FIRST of all, I would like to wish Boris Johnson and his fiancée Carrie a happy Hugmanay and a Guid New Year. I’d like to but I can’t. I might have wished it had they spent the New Year in Sedgefield or Bishop Auckland. But they didn’t. So I can’t.

In a way, Mustique was a good choice. It’s a private island. So people like you and me, or journalists or photographers, won’t get to see Mr Johnson in his Speedos. We must be grateful for small mercies. A rock star friend of mine who regularly visits Mustique tells me that the black staff have been told that they will be immediately sacked if they take photos of Mr Johnson, whether in his Speedos, fully-dressed, sober or slightly tipsy.

OK. Enough about Mustique. Let me tell you about the highlight of my year. Well, actually it’s a lowlight.

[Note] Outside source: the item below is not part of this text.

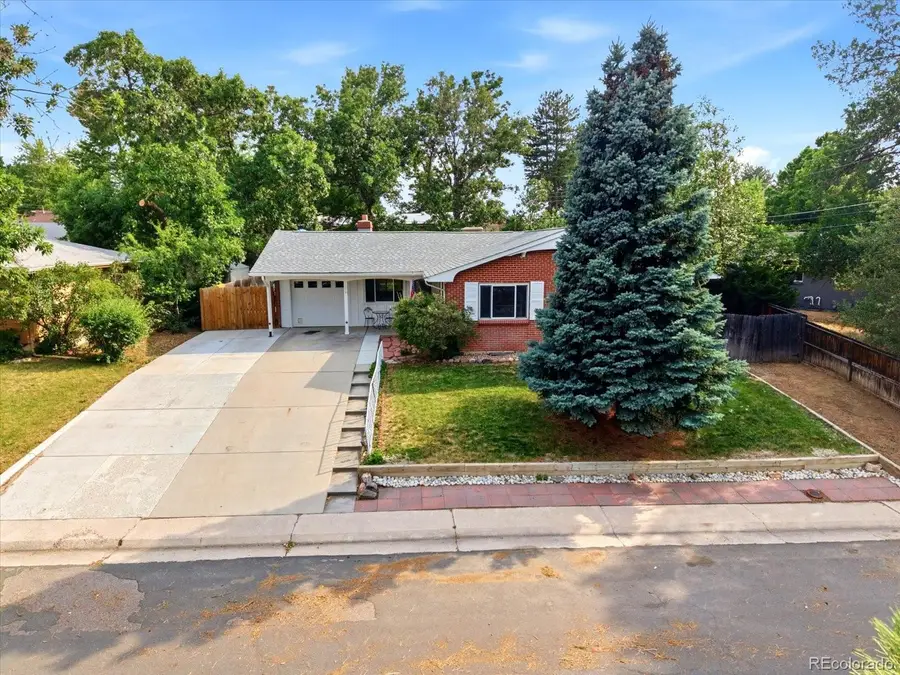 778 W Briarwood Avenue, Littleton, CO 80120 - #2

I’m an expat Scot (Dumbarton Academy, Glasgow University, the two greatest educational institutions in the world, in case you were wondering). On December 12 this year I got up at the crack of dawn. I was the first person at my polling station in Richmond upon Thames before 7am. Don’t laugh, but a wee voice was telling me that if you’re first to vote, it will count more. It will set the trend. It will influence the exit polls. I know that’s stupid, but I’m Scottish.

So I voted. I’m not politically-motivated. I’ll vote for whomever is best for the nation my whole family fought (and died) for. Obviously, there’s no SNP down here so the choice was simple: Johnson or not Johnson. So I voted LibDem. We massacred the incumbent Tory candidate Zac Goldsmith, beaten by a landslide. A week later, on December 19, the telly said that Boris Johnson had promoted Mr Goldsmith to the House of Lords and he’d therefore stay part of Mr Johnson’s cabinet.

So now we have Lord Goldsmith, a nice boy – I know him personally and even voted for him in a previous election. Wee Zac never worked a day in his life. Yet he will have a major say in the future of the folks of Sedgefield, Bishop Auckland, even Scotland. Can you believe that?

And Boris Johnson talks of democracy, and of corruption in other countries. The just-over-one-third of Brits (check it out – 17.4 million out of 45 million) who voted for Brexit in 2016 were told that the European Union was an “evil, unelected imperialist empire.” Unelected? Every Member of the (still) 28-nation European Parliament (the MEPs) was democratically elected. Otherwise, how would Nigel Farage have got there?

Imperialist? This coming from a nation which colonized North America, much of Africa, India, Pakistan and much of the Caribbean? The nation which banished the Palestinians from their homeland? The nation which created racism in the first place? And we’re meant to believe that Europe is imperialist. Gimme a break.

The December 12 election was an English and Welsh election. The best-educated and wisest folks in these islands – in Scotland, Northern Ireland (and I don’t include that lightly, I’ve spent many years there), the big English cities and London -- feel European, want to be European and always will. The NFKAGB (Nation formerly known as Great Britain) is not great any more. Get used to it. We’re tiny. We no longer rule the waves, we should no longer want to. In the EU, we had a powerful voice. Merely because of our history.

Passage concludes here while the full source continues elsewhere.